§ WHAT THE EXERCISE ASKS:
Leaving out the images, repeat all the lines below exactly.
──────── DATA EXTRACT
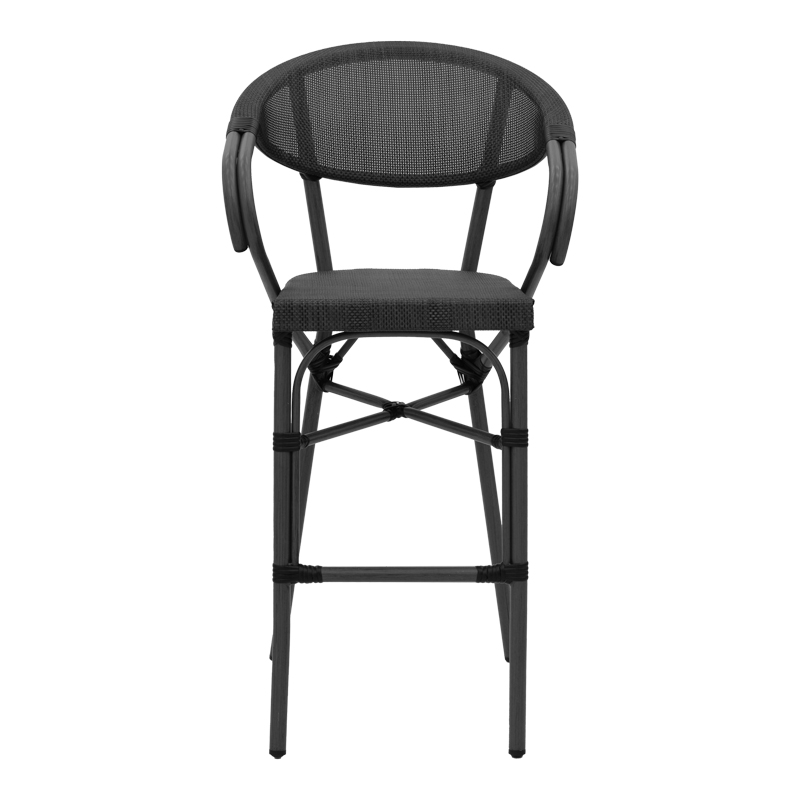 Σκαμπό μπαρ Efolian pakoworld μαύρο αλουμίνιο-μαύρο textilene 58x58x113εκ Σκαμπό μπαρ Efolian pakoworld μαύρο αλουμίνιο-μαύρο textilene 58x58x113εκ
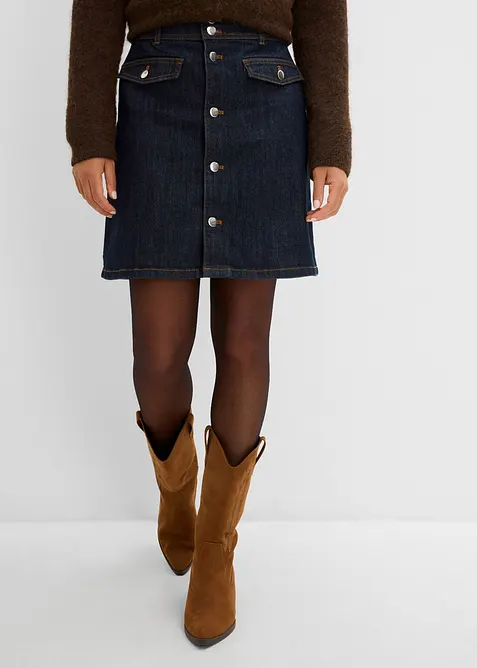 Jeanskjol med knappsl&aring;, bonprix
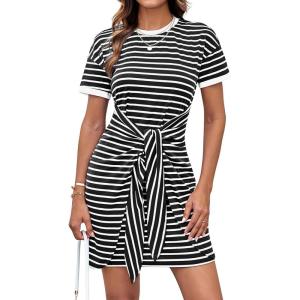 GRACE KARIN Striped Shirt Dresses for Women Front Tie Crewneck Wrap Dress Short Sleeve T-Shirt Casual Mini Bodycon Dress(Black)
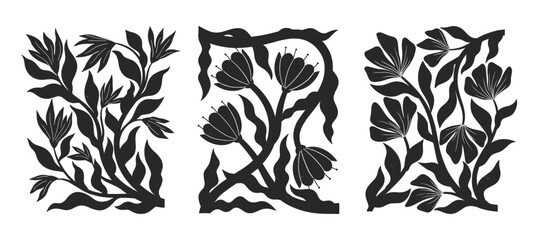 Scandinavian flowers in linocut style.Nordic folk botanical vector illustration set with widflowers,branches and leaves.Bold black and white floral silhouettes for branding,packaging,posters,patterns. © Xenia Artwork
────────────────
§ REPLY:
 Σκαμπό μπαρ Efolian pakoworld μαύρο αλουμίνιο-μαύρο textilene 58x58x113εκ Σκαμπό μπαρ Efolian pakoworld μαύρο αλουμίνιο-μαύρο textilene 58x58x113εκ
 Jeanskjol med knappsl&aring;, bonprix
 GRACE KARIN Striped Shirt Dresses for Women Front Tie Crewneck Wrap Dress Short Sleeve T-Shirt Casual Mini Bodycon Dress(Black)
 Scandinavian flowers in linocut style.Nordic folk botanical vector illustration set with widflowers,branches and leaves.Bold black and white floral silhouettes for branding,packaging,posters,patterns. © Xenia Artwork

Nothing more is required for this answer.